Fue a la cocina y sacó una lata de comida para gatos. El animal maulló con energía y empezó a pasearse entre sus pies hasta que la comida estuvo servida en el cuenco. Después Sven-Erik preparó la cafetera eléctrica, que se puso en marcha con un gorgoteo. Cuando llamó Anna-Maria Mella le acababa de hincar el diente a un sándwich de pan negro.
– Escucha -le dijo inquieta-. Ayer por la mañana estuve hablando con Sanna Strandgård y comentamos que la muerte parece muy ritual y que algunos pasajes de la Biblia hablan de manos cortadas y de gente a la que le sacan los ojos y esas cosas.

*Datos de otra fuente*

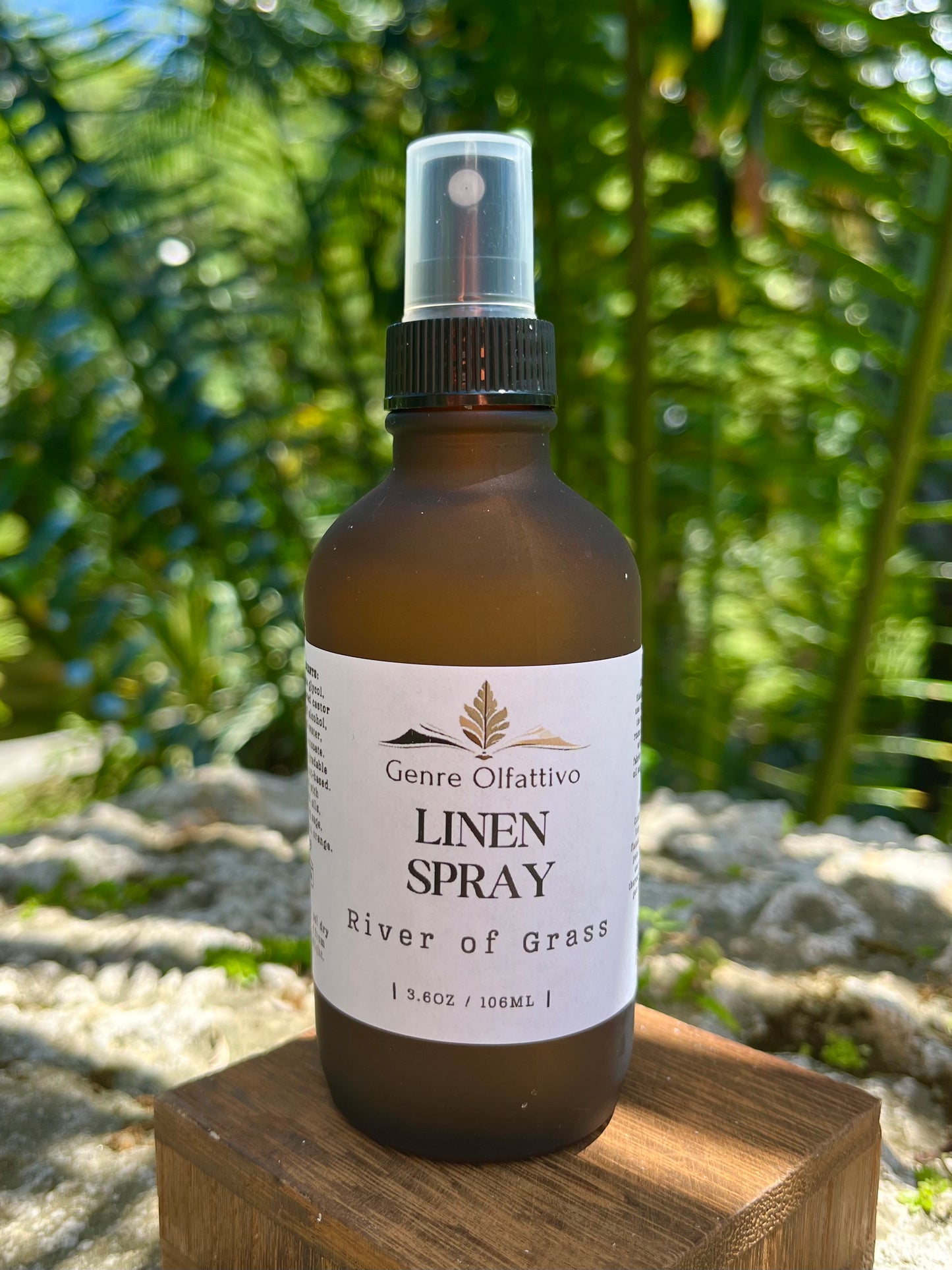 Linen Sprays: South Florida (Various Scents)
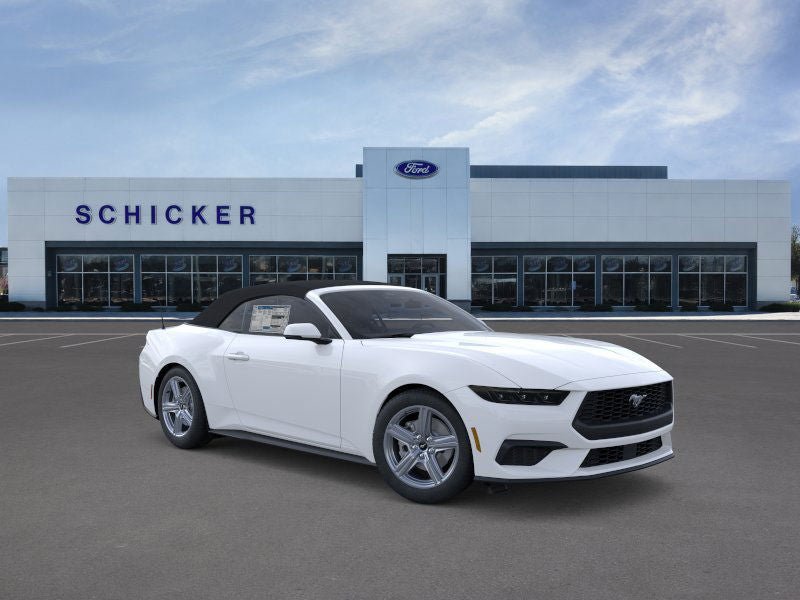 New 2026 Ford Mustang Premium RWD image 7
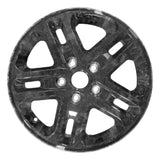 Aluminum Wheel For Jeep Grand Cherokee 2022-2024(ALYJG070U45)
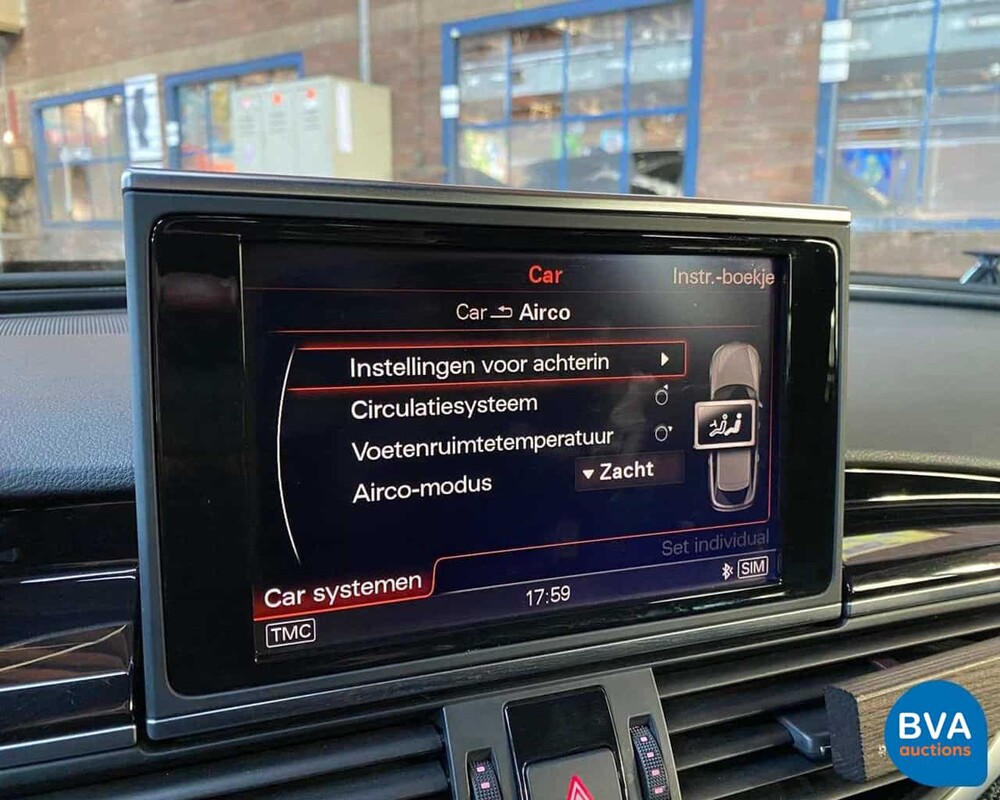 Audi RS6 Avant 560pk Dynamic+ Quattro 4.0TFSI Carbon, JF-530-N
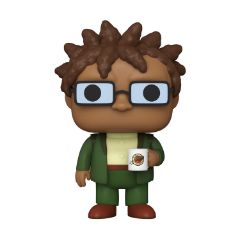 Picture of Funko Pop! Animation: Futurama - Hermes w/Mug #Vinyl Figure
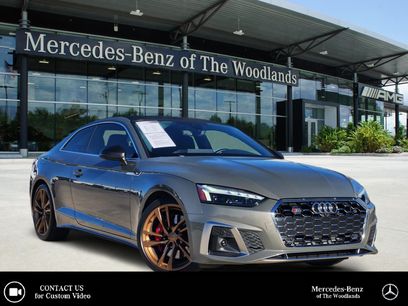 Used 2023 Audi S5 Premium Plus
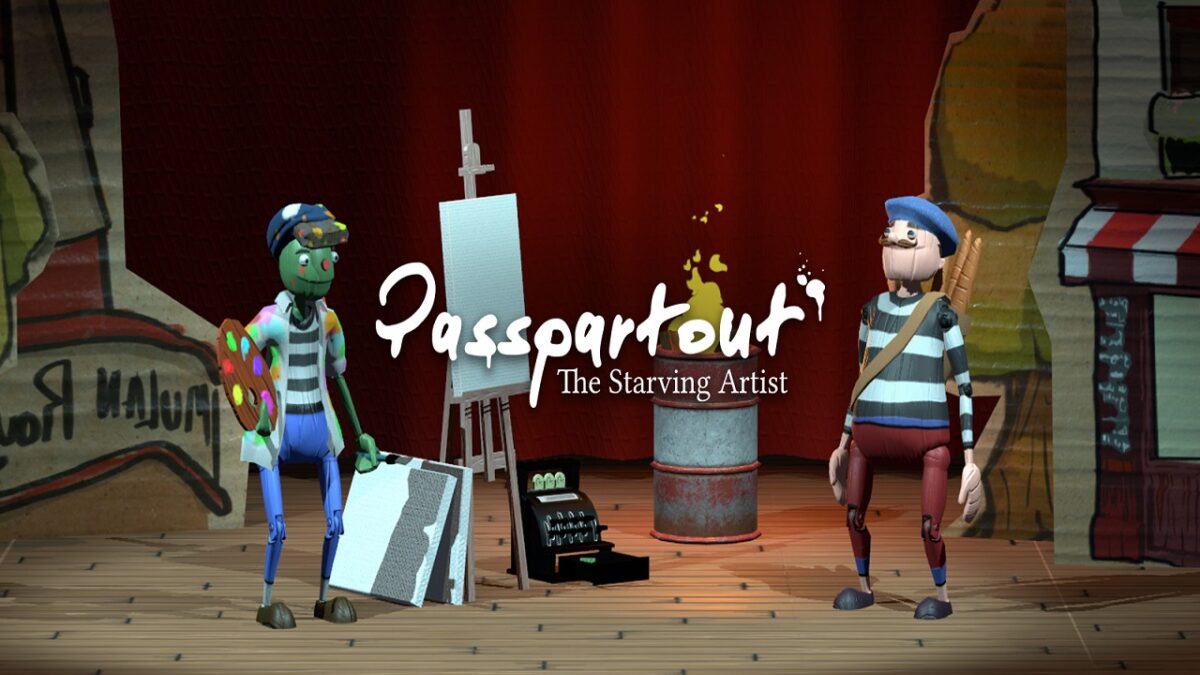 Passpartout The Starving Artist تحميل مجانا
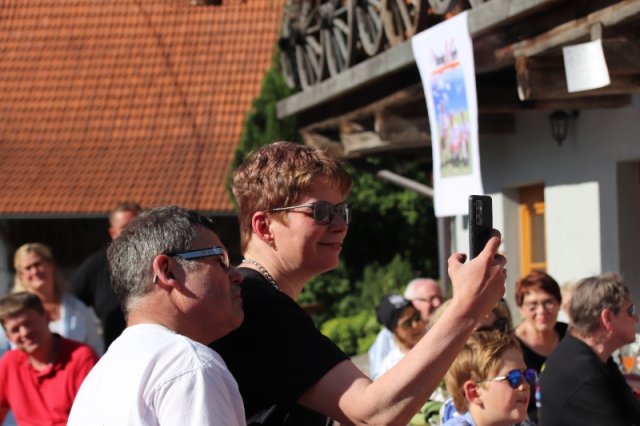 50. Geburtstag Christina und Moni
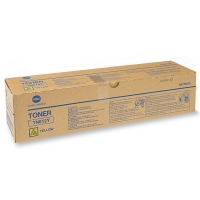 Konica Minolta TN-612Y (A0VW250) toner (d'origine) - jaune 072444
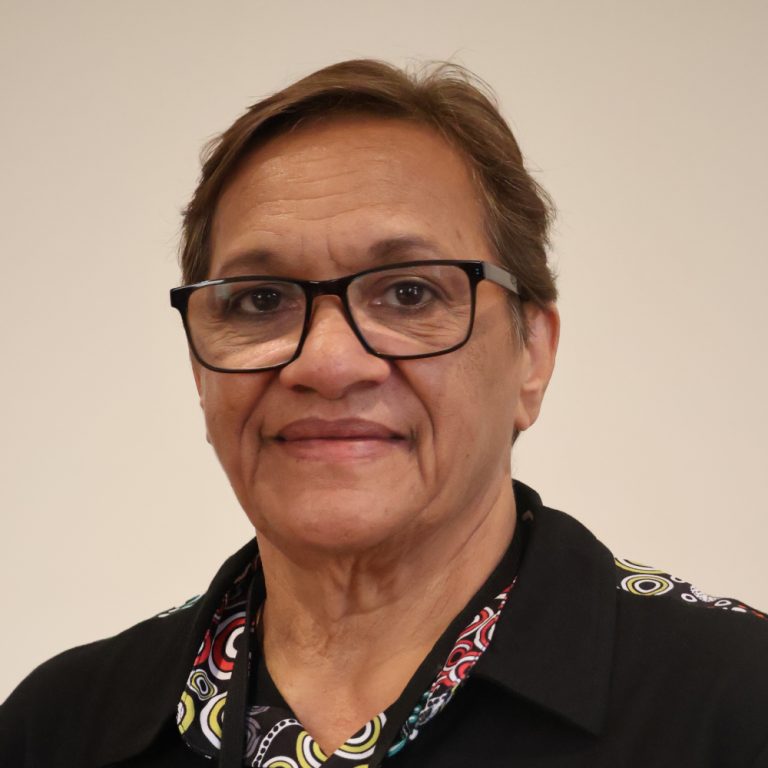 Aunty Brenda Larsen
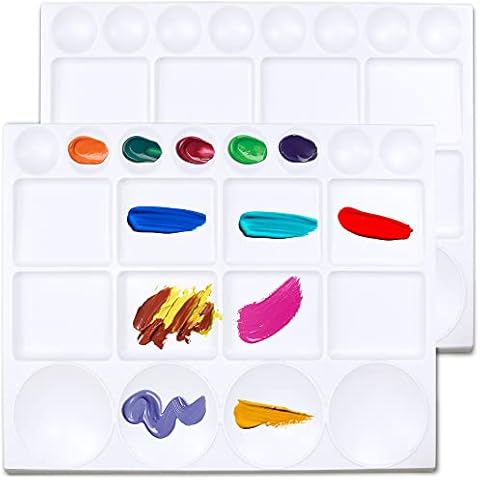 DUGATO Plastic Paint Tray Palettes Cover
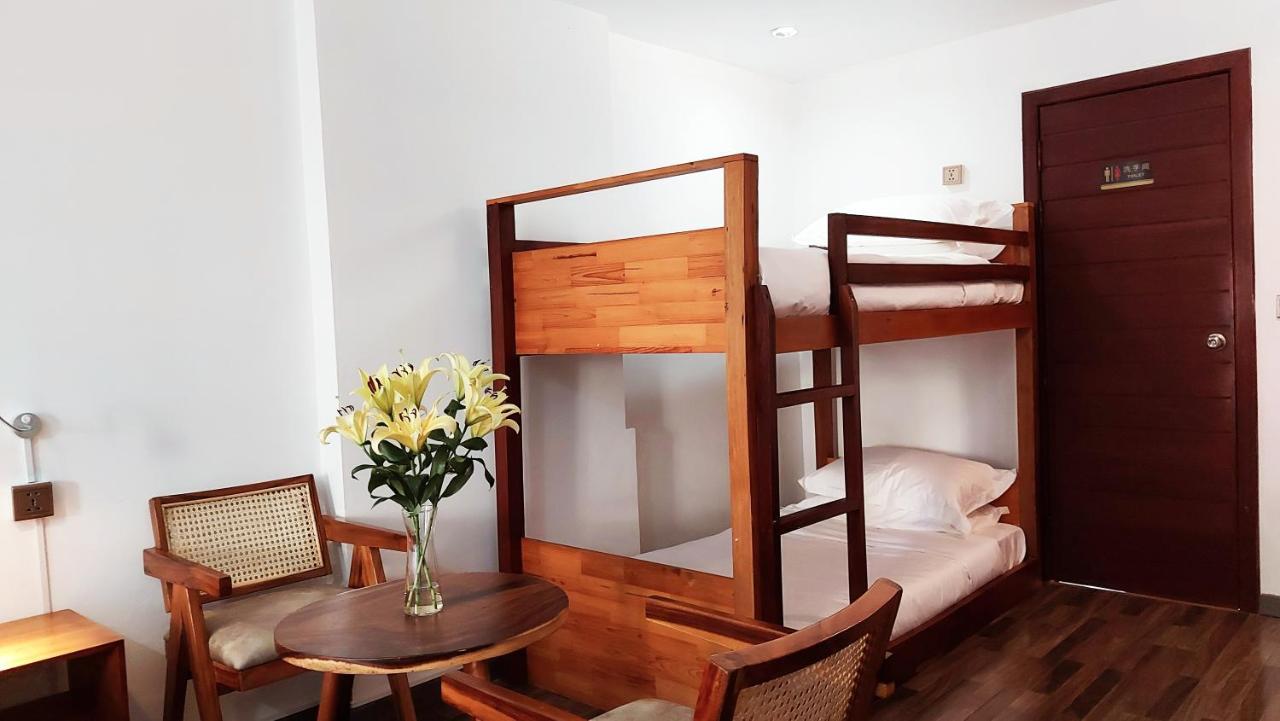 Sok Hotel And Coffee Siem Reap Exterior foto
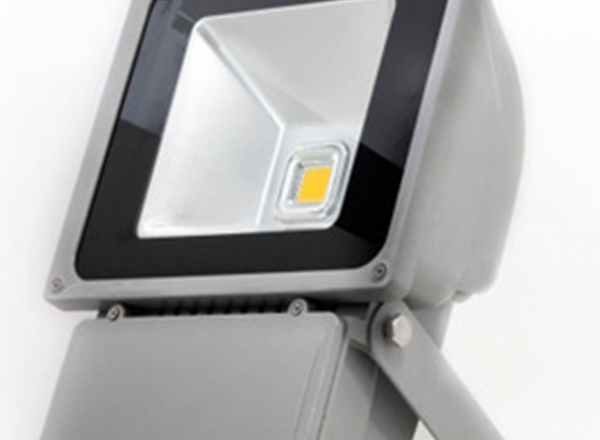 LED floodlight IP66 5950 lumen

Sven-Erik emitía sonidos de asentimiento entre bocado y bocado mientras Anna-Maria hablaba.
– Sanna leyó en voz alta a Marcos 9:43-48: «Y si tu mano te escandaliza, córtatela; más te vale que entres manco en la vida que, con las dos manos, irte al infierno, al fuego que no se apaga. Y si tu pie te escandaliza, córtatelo. Más te vale que entres cojo en la vida que, con los dos pies, ser arrojado al infierno. Y si tu ojo te escandaliza, sácatelo; más te vale entrar tuerto en el Reino de Dios que, con los dos ojos, ser arrojado al infierno donde el gusano no muere ni el fuego se apaga.»
– ¿Y? -dijo Sven-Erik, que se sentía un poco espeso.
– ¡Pero no leyó el principio del texto! -continuó Anna-Maria con entusiasmo-. En Marcos 9:42 pone esto: «El que escandalice a uno de estos pequeños que creen en mí, más le valdría que le colgaran al cuello una rueda de molino de asno y que le tiraran al mar.»